= Exercise goal =
Write out again, word for word, the lines below from the line that holds "Vintage 90s Winnie" through the line that holds "LOVEVOOK Laptop Bag", omitting pictures.

═══ Data supplied

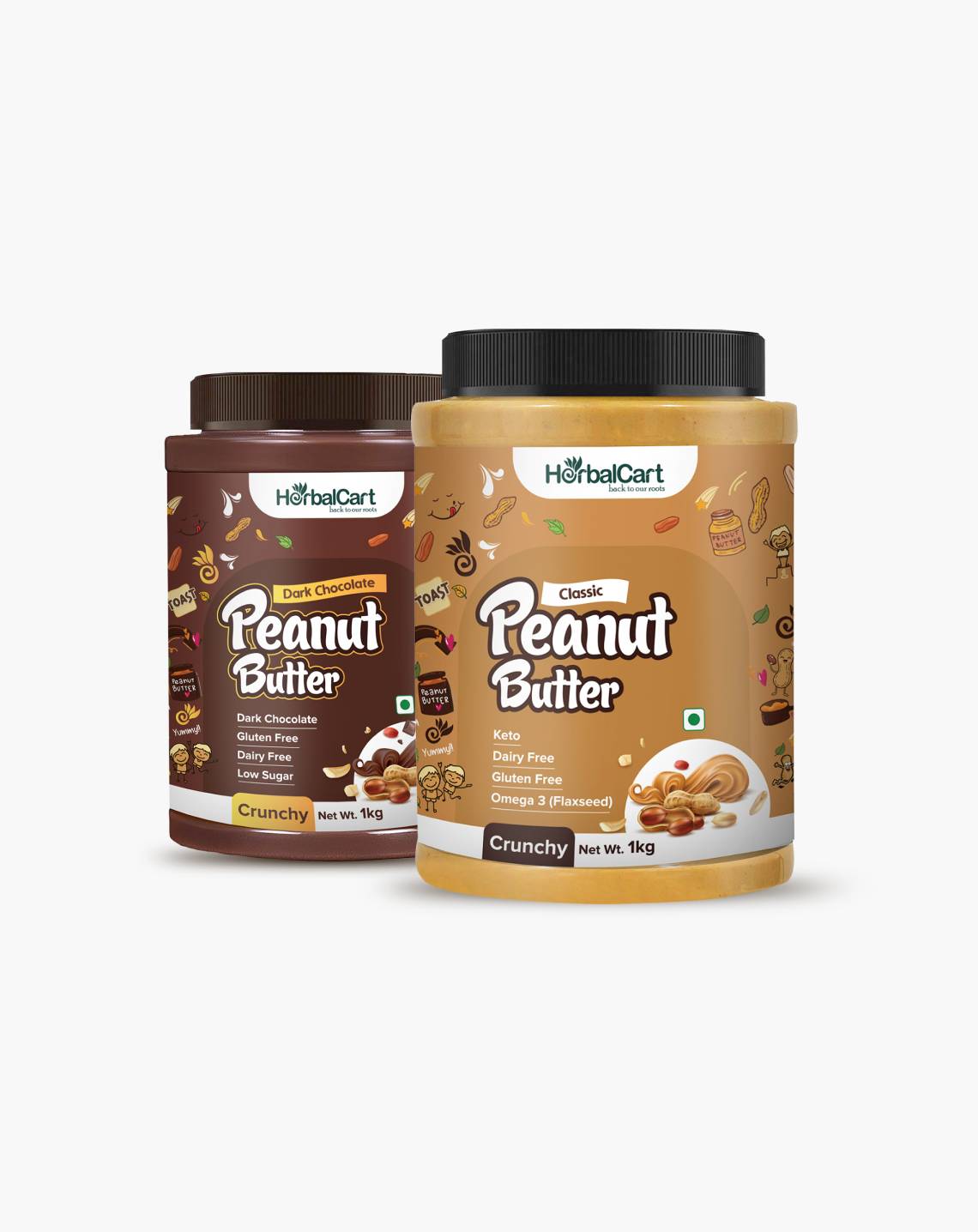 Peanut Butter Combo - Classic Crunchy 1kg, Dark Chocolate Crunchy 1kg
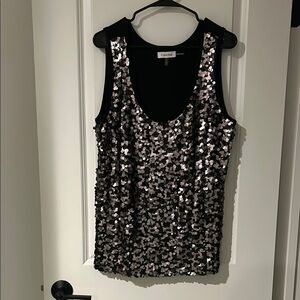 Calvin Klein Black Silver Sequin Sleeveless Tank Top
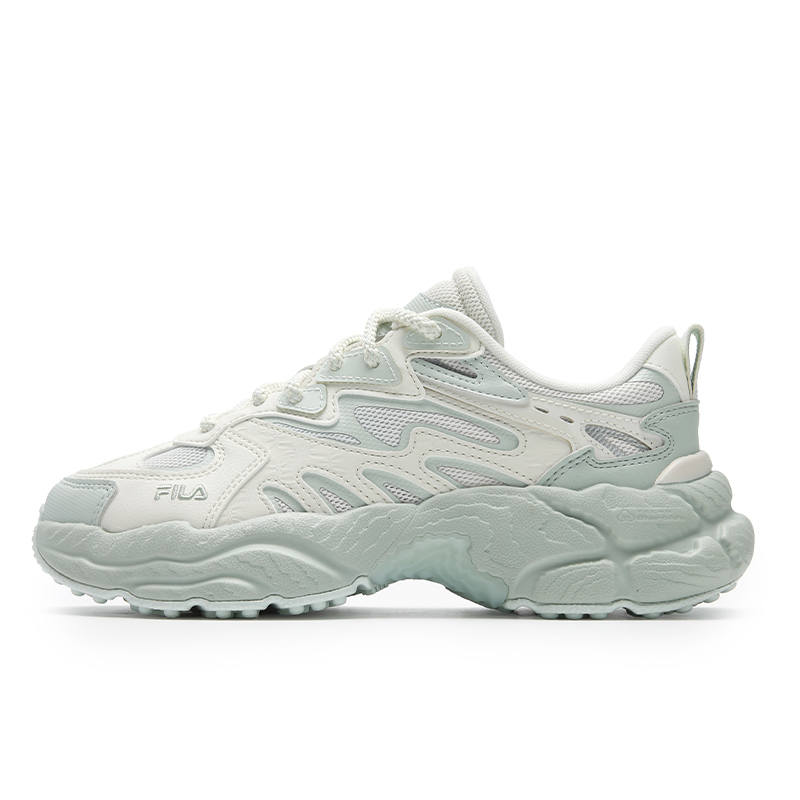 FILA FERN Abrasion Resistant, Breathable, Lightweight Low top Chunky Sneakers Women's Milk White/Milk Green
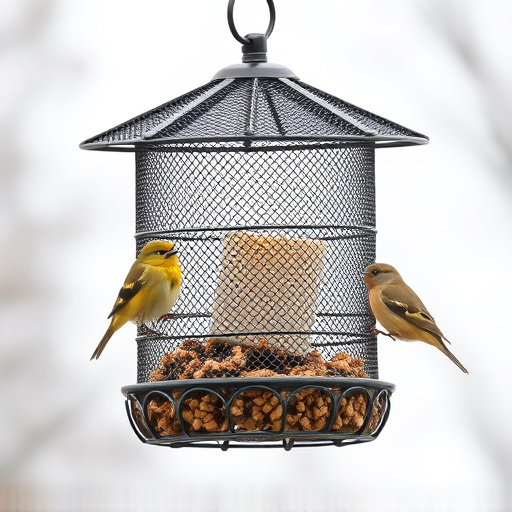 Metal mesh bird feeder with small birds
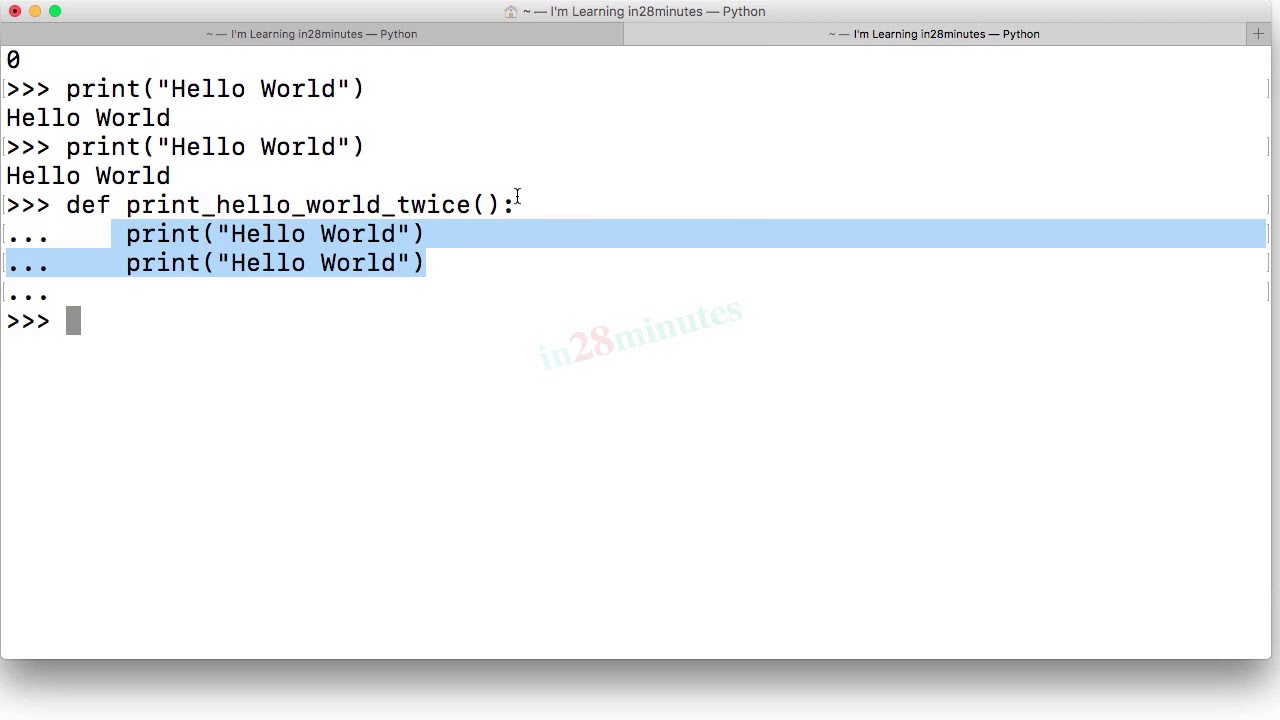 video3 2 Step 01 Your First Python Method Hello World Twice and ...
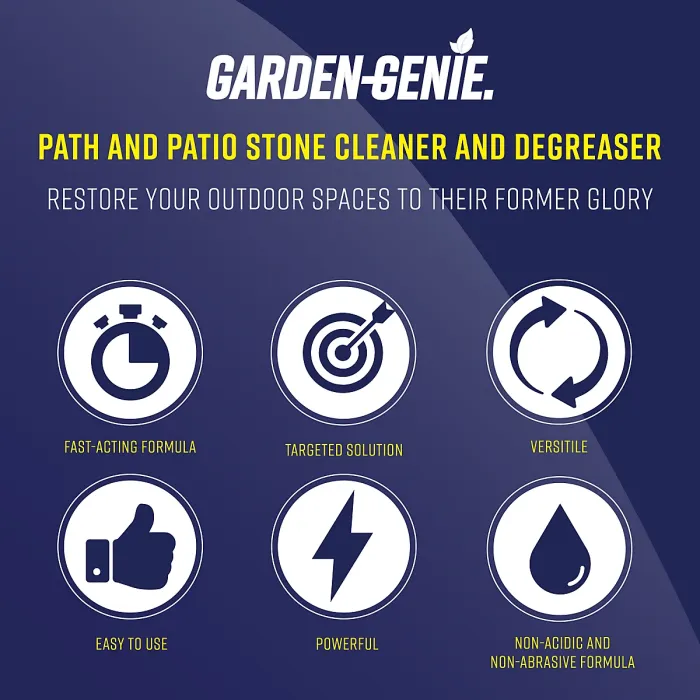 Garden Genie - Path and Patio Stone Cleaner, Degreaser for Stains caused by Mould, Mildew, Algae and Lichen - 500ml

══════
═══ Data supplied

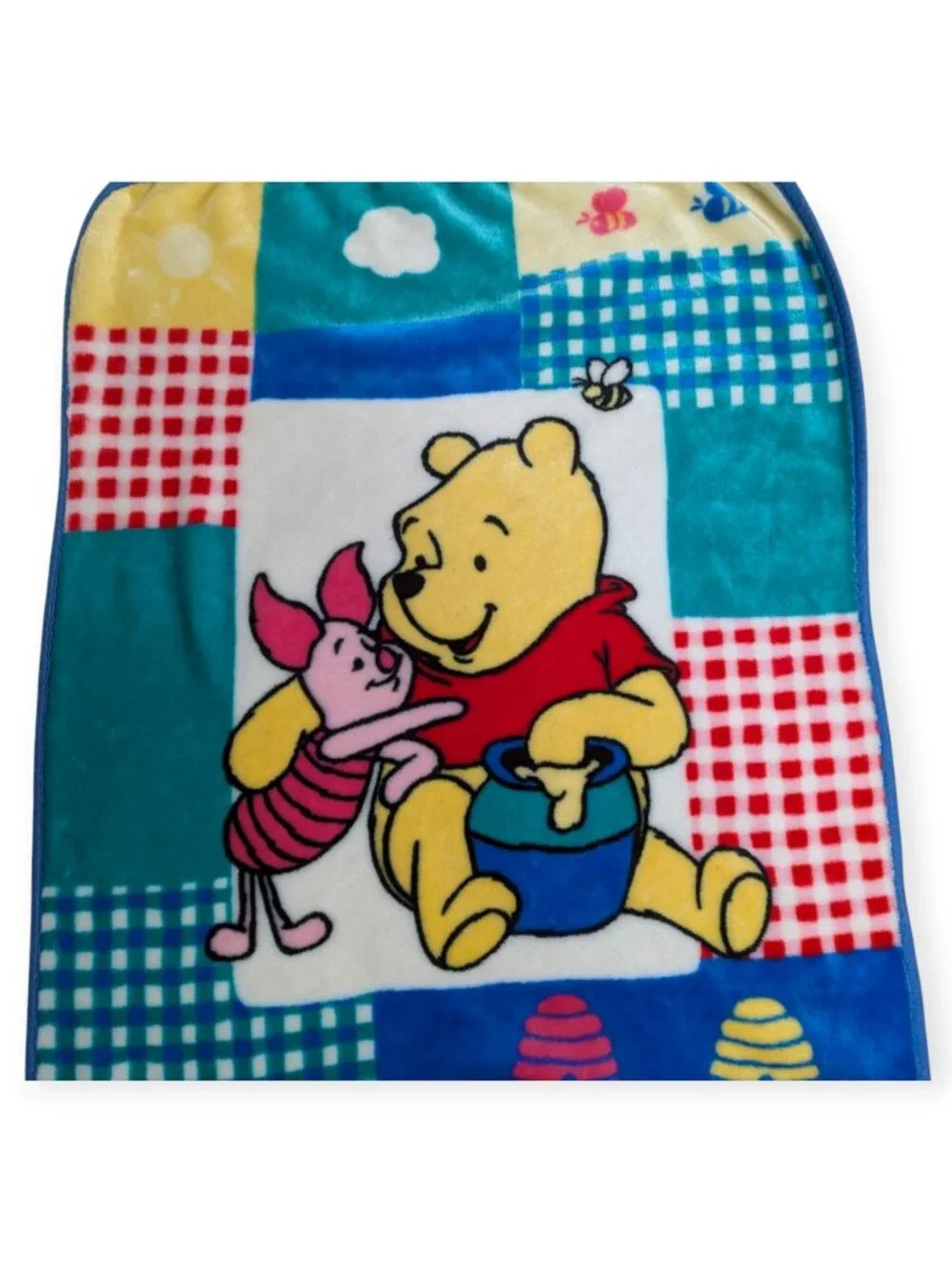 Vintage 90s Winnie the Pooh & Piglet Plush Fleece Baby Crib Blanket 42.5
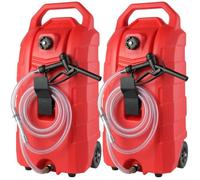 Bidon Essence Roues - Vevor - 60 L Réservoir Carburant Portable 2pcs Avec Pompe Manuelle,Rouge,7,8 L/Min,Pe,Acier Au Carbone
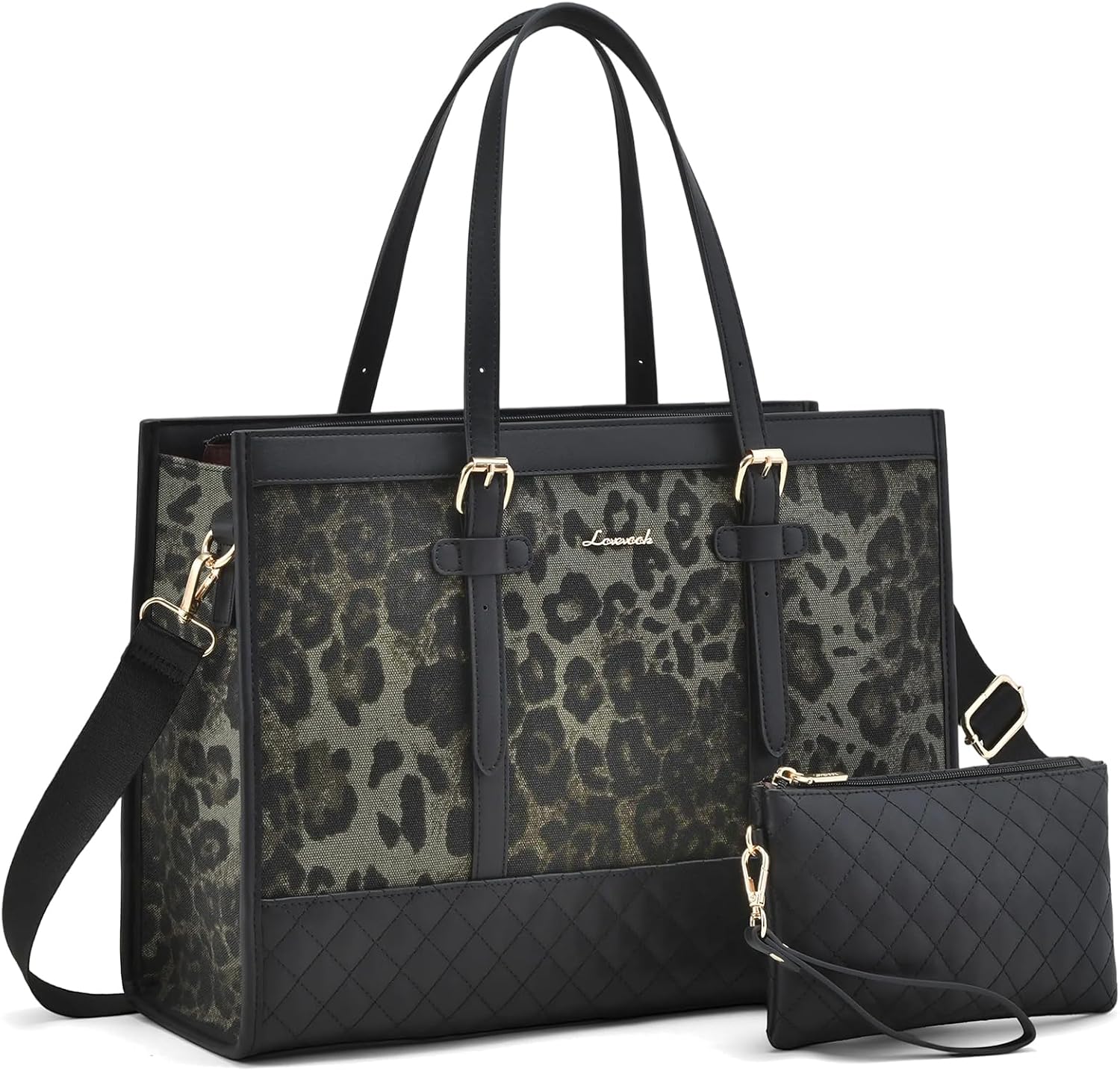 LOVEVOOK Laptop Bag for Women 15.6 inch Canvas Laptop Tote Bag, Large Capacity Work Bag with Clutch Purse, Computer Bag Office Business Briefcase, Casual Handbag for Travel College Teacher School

══════

= Solution for this exercise =
 Vintage 90s Winnie the Pooh & Piglet Plush Fleece Baby Crib Blanket 42.5
 Bidon Essence Roues - Vevor - 60 L Réservoir Carburant Portable 2pcs Avec Pompe Manuelle,Rouge,7,8 L/Min,Pe,Acier Au Carbone
 LOVEVOOK Laptop Bag for Women 15.6 inch Canvas Laptop Tote Bag, Large Capacity Work Bag with Clutch Purse, Computer Bag Office Business Briefcase, Casual Handbag for Travel College Teacher School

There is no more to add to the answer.